IronPythonのホスティング

IronPython側から.NETのクラスライブラリを呼び出す例は見ましたので、C#からIronPythonを使ってみます。
以前、IronPythonスクリプトを実行するだけの例は記事にしているので、今回は実行結果を受け取ったり、IronPythonオブジェクトを操作してみます。

まずは、今回のテストに使うIronPythonのソースコード。

class Calc:
    def add (self, x, y):
        return x + y

    def subtract (self, x, y):
        return x - y

g = globals ()
calc = Calc()
# C#から呼ばれるときは、以下の変数が設定されている
if 'cs_arg1' in g and 'cs_arg2' in g:
    retval = calc.add (cs_arg1, cs_arg2)
else:
    print calc.add (10, 20)

calc.pyと名前を付けて保存します。見ての通り、足し算、引き算を行う単純ならクラスです。
ソースのこの部分に注意してください。

# C#から呼ばれるときは、以下の変数が設定されている
if 'cs_arg1' in g and 'cs_arg2' in g:

cs_arg1、cs_arg2が存在するかどうか処理を分けています。これらの変数はC#側から設定します。

次に、IronPythonをホスティングするC#側のソースコードです。

using System;
using IronPython.Hosting;
using IronPython.Runtime;

public class Program {
    public static void Main () {
        PythonEngine engine = new PythonEngine ();
        // IronPython側に以下の変数を用意する
        engine.SetVariable ("cs_arg1", 1);
        engine.SetVariable ("cs_arg2", 2);
        // スクリプトの実行
        engine.ExecuteFile ("calc.py");
        // Python上の変数を取得
        object o = engine.GetVariable ("retval");

        Console.WriteLine ("1 + 2 = {0}", o);

        // calc変数(Calcクラスのインスタンス)を取得
        OldInstance self = engine.GetVariable ("calc") as OldInstance;
        // Calcクラスを取得
        OldClass calc = self.__class__ as OldClass;
        // subtractメソッドを取得
        Function3 func3 = calc.__dict__["subtract"] as Function3;
        // 呼び出し
        Console.WriteLine ("1 - 2 = {0}", func3.Call (self, 1, 2));
    }
}
/* 結果
1 + 2 = 3
1 - 2 = -1
 */

これもhost.csと名前を付けて保存します。

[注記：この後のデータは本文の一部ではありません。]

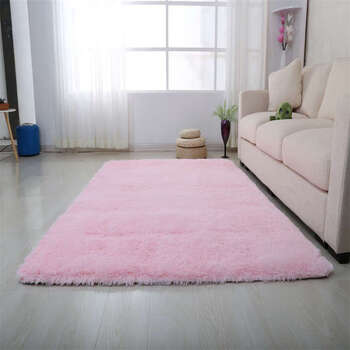 Yusenyi washable princess carpet bedroom bedside blanket living room coffee table full carpet home large area carpet floor mat can be customized solid color off-white 80x160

で、コンパイル。

$ csc /r:IronPython.dll host.cs

host.exeを実行すると足し算、引き算が行われますね。

足し算側は単純な例で、C#から引数を渡してIronPython側で計算し、結果のみを取得します。一方、引き算側はcalcオブジェクトを取得してコントロールしています。リフレクション経由にイメージは近いですね。IronPythonのオブジェクトは.NETの型と違い、Hashtableの固まりみたいなものなので、このように使うことになります。